* ABOUT THIS EXERCISE
Each line below that contains "шапка" should be counted. Give only the total.

[Source records]
-- Opening Marker --

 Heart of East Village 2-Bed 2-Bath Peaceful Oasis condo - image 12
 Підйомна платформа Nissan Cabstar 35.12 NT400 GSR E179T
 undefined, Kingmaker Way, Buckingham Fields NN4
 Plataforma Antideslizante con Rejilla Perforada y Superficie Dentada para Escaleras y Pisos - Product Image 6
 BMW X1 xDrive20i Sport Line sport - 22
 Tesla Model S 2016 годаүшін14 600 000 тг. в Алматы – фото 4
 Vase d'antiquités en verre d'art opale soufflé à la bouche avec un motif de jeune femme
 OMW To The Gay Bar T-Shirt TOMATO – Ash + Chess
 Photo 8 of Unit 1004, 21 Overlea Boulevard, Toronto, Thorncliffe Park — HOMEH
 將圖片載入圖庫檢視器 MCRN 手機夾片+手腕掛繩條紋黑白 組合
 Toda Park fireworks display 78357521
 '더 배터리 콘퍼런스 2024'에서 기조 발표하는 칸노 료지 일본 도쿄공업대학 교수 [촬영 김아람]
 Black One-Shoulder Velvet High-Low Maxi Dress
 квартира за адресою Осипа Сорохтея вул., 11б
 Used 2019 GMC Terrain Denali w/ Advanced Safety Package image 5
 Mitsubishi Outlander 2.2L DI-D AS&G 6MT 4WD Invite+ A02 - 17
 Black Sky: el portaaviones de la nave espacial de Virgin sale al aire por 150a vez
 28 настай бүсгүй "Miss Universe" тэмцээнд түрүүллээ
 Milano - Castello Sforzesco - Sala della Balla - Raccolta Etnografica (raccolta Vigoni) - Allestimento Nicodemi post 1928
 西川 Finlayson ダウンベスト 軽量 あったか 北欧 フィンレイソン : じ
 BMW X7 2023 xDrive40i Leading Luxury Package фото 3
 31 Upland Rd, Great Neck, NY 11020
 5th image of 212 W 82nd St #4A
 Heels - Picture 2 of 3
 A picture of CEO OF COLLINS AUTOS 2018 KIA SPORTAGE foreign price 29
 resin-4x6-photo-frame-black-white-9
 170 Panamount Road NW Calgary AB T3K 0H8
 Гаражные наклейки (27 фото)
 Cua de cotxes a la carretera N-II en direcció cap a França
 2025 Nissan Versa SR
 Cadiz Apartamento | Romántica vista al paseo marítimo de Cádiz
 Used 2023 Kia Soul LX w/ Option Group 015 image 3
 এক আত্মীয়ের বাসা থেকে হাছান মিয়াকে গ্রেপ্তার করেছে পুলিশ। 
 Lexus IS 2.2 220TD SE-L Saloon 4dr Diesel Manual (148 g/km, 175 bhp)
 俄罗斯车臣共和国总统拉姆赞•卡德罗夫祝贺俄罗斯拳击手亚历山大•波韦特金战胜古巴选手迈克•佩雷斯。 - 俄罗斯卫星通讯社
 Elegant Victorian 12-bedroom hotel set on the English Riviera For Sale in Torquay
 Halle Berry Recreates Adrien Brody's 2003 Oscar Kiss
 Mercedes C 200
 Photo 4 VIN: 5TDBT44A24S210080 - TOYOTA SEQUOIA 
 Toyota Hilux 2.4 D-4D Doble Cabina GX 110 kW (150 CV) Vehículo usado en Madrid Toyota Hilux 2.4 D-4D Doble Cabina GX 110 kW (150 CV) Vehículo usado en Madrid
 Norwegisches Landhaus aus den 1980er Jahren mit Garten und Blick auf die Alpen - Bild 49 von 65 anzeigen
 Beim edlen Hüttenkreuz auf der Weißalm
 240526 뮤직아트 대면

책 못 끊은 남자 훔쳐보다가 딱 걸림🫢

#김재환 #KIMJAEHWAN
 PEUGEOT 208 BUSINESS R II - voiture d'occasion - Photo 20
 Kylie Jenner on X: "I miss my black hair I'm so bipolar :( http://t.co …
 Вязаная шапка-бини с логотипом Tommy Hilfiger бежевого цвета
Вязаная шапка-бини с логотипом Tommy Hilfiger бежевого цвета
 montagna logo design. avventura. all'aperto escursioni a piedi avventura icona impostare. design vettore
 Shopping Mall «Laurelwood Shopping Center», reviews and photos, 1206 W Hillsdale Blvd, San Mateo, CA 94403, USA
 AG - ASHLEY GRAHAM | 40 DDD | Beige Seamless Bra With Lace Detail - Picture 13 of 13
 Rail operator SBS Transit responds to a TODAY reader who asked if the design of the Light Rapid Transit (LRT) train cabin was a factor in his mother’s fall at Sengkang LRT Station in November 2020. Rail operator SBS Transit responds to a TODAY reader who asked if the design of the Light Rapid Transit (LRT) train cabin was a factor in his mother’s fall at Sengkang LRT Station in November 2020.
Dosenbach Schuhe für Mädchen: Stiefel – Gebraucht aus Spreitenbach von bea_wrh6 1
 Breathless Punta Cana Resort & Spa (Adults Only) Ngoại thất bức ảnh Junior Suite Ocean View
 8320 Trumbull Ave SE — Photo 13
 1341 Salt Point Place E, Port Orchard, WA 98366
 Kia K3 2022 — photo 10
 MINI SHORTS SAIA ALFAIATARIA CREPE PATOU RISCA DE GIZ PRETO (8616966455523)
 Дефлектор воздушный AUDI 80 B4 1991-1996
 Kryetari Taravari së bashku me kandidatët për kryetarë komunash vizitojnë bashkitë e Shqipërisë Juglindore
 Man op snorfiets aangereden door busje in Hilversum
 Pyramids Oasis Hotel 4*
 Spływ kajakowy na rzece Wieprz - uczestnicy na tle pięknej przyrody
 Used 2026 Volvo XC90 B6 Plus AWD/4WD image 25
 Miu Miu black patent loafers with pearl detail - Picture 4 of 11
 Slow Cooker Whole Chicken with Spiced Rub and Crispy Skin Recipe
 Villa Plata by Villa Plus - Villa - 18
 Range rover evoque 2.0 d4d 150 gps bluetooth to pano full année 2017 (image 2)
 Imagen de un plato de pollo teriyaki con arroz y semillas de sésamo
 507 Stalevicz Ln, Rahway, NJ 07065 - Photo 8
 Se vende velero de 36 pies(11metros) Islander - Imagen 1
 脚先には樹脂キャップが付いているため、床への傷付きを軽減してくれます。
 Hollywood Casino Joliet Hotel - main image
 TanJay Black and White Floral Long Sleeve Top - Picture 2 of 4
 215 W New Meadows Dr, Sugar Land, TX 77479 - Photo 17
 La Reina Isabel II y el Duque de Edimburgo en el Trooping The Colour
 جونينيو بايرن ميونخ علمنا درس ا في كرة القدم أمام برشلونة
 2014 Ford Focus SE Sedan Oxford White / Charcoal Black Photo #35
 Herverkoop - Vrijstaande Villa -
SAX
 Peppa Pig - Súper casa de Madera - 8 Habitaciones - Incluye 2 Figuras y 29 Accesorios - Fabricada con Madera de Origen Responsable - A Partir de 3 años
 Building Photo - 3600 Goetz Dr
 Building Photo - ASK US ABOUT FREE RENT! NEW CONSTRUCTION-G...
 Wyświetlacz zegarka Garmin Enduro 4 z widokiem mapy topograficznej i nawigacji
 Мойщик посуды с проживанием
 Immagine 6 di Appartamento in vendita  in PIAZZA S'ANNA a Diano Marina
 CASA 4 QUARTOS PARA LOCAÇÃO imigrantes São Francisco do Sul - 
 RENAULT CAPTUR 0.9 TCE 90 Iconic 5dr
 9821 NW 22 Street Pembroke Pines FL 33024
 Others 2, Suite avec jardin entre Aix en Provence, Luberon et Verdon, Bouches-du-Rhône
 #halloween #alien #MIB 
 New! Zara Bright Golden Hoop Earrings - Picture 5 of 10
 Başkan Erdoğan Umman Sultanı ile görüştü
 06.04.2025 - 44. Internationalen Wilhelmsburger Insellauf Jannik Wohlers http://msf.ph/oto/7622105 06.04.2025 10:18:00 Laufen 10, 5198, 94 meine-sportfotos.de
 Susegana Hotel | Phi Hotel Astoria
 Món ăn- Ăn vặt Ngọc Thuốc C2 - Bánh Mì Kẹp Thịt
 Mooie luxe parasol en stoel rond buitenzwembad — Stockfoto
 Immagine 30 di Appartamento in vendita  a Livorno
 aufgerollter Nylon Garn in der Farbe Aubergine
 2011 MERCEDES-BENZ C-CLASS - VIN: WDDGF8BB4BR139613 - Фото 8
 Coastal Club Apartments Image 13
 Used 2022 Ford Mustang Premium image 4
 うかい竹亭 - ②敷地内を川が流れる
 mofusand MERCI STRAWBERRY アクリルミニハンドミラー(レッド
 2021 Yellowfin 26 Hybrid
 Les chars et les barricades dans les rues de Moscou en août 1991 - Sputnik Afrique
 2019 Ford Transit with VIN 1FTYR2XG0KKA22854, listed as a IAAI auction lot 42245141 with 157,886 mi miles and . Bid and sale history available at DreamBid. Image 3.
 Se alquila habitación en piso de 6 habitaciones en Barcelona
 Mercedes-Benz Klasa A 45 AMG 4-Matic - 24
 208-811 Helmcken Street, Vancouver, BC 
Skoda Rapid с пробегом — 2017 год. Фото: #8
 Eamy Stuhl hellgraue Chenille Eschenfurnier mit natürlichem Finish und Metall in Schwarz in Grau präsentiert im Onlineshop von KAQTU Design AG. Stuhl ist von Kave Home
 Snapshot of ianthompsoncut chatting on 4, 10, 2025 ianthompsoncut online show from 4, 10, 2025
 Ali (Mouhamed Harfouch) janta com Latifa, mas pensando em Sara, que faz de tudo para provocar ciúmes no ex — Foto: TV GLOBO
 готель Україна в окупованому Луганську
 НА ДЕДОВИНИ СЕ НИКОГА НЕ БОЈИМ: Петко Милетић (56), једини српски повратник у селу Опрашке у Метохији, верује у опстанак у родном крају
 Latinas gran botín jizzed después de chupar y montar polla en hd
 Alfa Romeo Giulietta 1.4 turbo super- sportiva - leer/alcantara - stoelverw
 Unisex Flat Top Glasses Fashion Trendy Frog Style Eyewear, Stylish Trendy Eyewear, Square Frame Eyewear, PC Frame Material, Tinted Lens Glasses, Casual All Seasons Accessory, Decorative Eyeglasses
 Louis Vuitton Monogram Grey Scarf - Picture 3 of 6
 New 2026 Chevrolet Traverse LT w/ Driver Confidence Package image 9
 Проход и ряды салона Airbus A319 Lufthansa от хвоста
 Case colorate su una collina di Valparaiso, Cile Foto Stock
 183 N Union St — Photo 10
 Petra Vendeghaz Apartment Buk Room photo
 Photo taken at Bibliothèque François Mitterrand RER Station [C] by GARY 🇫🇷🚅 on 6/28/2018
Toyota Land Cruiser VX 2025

-- Closing Marker --

* SOLUTION TO THIS EXERCISE
2